Totalement. D’abord, je voudrais vous rassurer que dès le premier jour de cette tentative, qui aura en réalité duré à peine une demi-journée, les choses ont repris normalement leur cours au Bénin et les populations vaquent normalement à leurs occupations. Le pays est ouvert, l’aéroport a été fermé à peine une demi-journée, le temps de pouvoir mettre de l’ordre dans tout cela. Donc oui, le Bénin n’a pas changé ses priorités et je vous exhorte, France 24, à venir constater par vous-même. Vous savez également que nous sommes dans une période électorale et les opérations, la campagne se déroule normalement. Véritablement, je pense que vous seriez surpris ou du moins étonnés de voir qu’il n’y a pas eu d’incidence sur le quotidien des Béninois et que les priorités du gouvernement demeurent les mêmes. Bien évidemment, une attention plus particulière sera portée à la défense et à la sécurité. Comme nous avons eu cette alerte, il est normal que tout cela soit un peu resserré.

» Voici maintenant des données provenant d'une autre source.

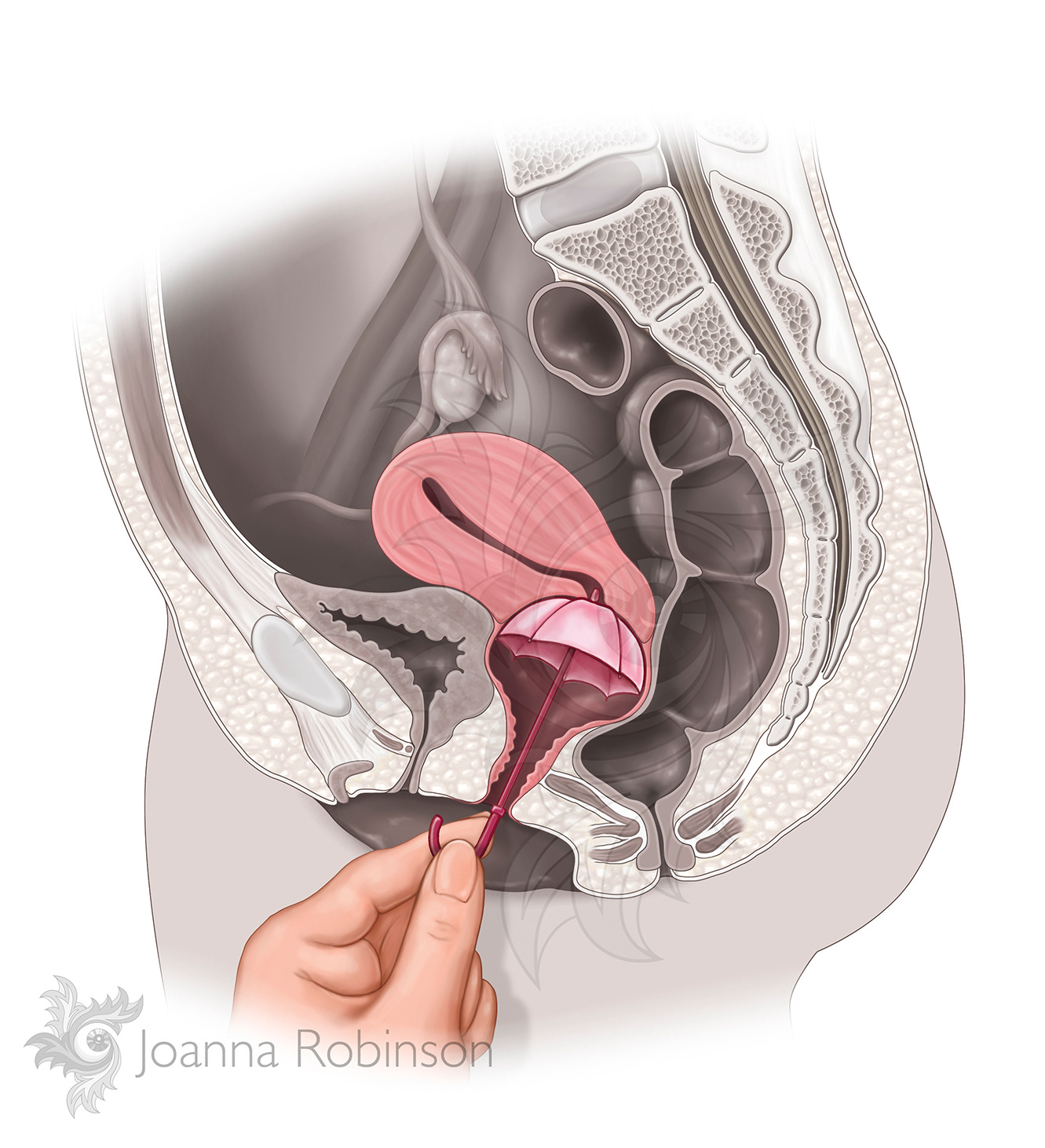 Advertisement illustration. A humorous take on female condoms. Photoshop.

En matière de sécurité, vous nous assurez que les Vodun Days qui se tiendront la semaine prochaine à Ouidah, qui attendent énormément de monde, on parle d’un demi-million de personnes, est-ce que les conditions de sécurité sont assurées pour tout ce mouvement de personnes qui viendront ?
Nous avons mis l’accent évidemment, comme c’était déjà le cas par le passé, pour les deux premières éditions qui étaient des éditions zéro (0) et double zéro (00) parce que là, nous avons vraiment la première édition aujourd’hui qui va démarrer à partir du 8 janvier, comme vous l’avez annoncé précédemment. Et évidemment, un accent particulier est mis sur la sécurité, la présence policière, sans que cela ne soit également sujet à faire peur aux uns et aux autres. Donc tout sera organisé comme le Bénin sait organiser désormais et il ne devrait pas y avoir le moindre incident au Bénin. Et comme je vous l’ai dit précédemment, depuis cette tentative, heureusement, qui a échoué et avorté, les activités ont repris leur cours normalement au Bénin. Et le pays est ouvert, les visiteurs viennent de par le monde et bien évidemment, une attention particulière sera prêtée à la sécurité pendant les Vodun Days, comme ça a toujours été le cas. Il n’y a jamais eu d’incident aux Vodun Days et ce ne sera pas le cas une fois de plus. Pour finir, je voudrais juste vous dire que l’année dernière, c’est vrai que nous avions eu un peu plus de 500 000 visiteurs. Et nous attendons près d’un million de visiteurs cette année.